Era l’anno scorso a Grenaches du Monde, concorso annuale e itinerante dedicato alla tipologia: ricordo bene quando a Gandesa, nel cuore della Denominación de Origen Terra Alta, in Catalogna, il relatore di un convegno spiegò le motivazioni che lo portavano a sostenere quanto la locale garnacha fosse certamente originaria della Spagna e in particolare delle sue coste meridionali. Gli stessi motivi che, l’anno prima ad Alghero, avevano portato un altro relatore a sostenere l’esatto contrario, che il cannonau non potesse cioè essere nato che in Sardegna, isola da cui poi si sarebbe diffuso in tutto il bacino del Mar Mediterraneo.

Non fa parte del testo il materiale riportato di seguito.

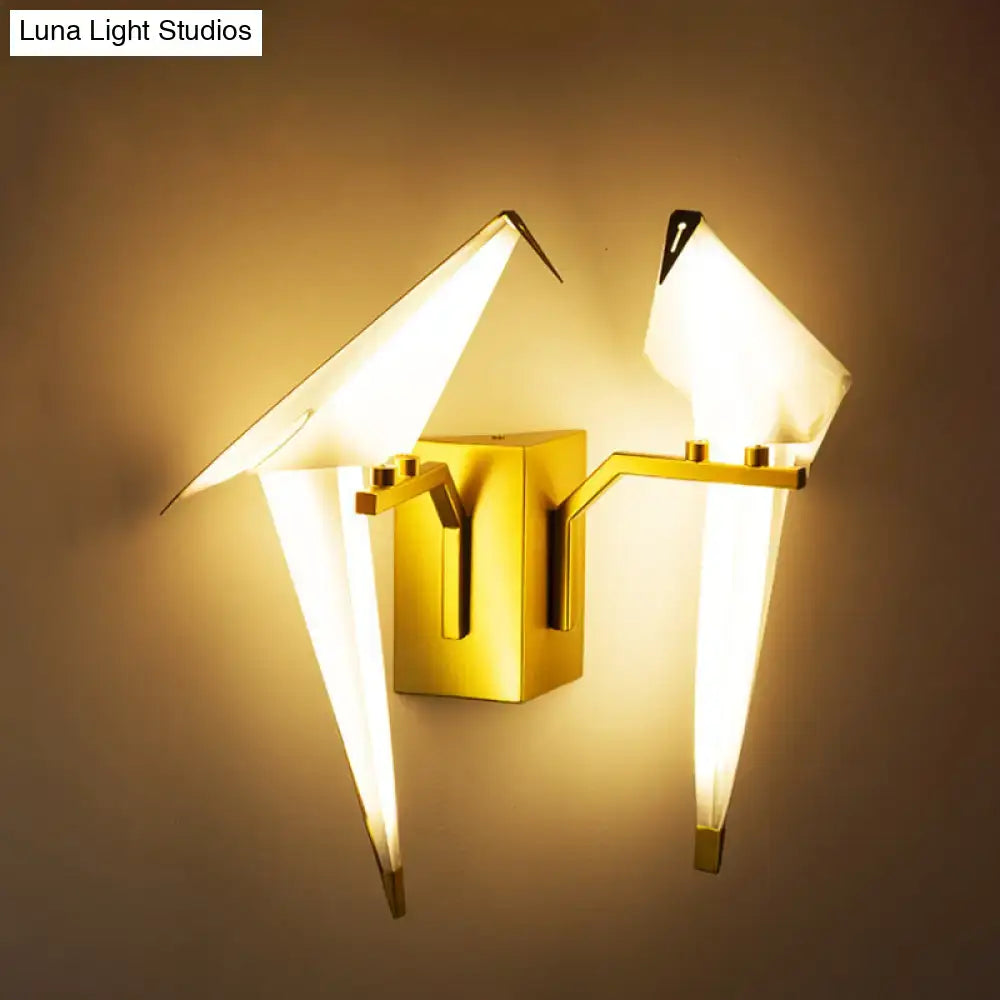 Modern gold paper crane dining room sconce birdie plastic shade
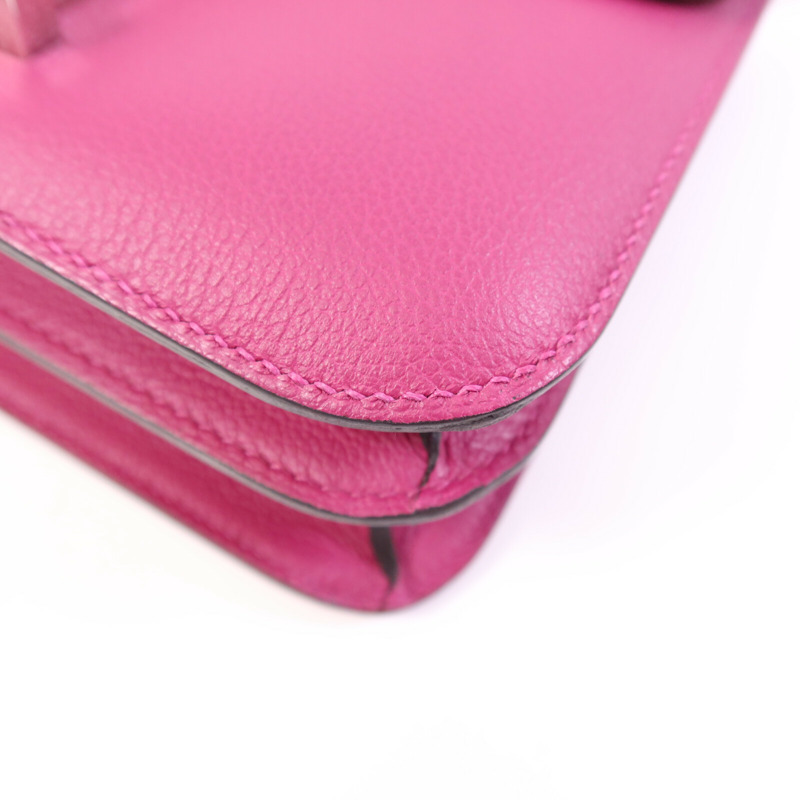 HERMES Evercolor皮革Constance 24銀扣肩背袋Rose Purple-10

Grenache, garnacha, cannonau. Sono sono alcuni dei tanti nomi con cui è conosciuta la settima varietà più diffusa al mondo, famiglia di vitigni simili tra loro capaci di adattarsi come pochi altri e quindi in grado di restituire vini spesso molto diversi in base al luogo in cui vengono coltivati e successivamente vinificati.
Una varietà importantissima, capace di imporsi nel panorama mondiale per personalità e forse, capace di rappresentare, come scrive il giornalista Giuseppe Carrus, “una valida terza via tra i prestigiosi vini di Bordeaux da una parte (capitanati dal cabernet sauvignon e dal merlot che hanno dato origine ai tagli bordolesi nel mondo) e i vini della Borgogna che in tanti sognano di poter imitare coltivando il prestigioso pinot noir”.
Se le origini della grenache non sono universalmente accettate, le prove a sostegno della paternità sarda appaiono tuttavia quanto mai convincenti: recenti scavi archeologici hanno portato alla luce vinaccioli risalenti addirittura al XII secolo a.C., scoperta che potrebbe mettere la parola fine a ogni possibile rivalsa.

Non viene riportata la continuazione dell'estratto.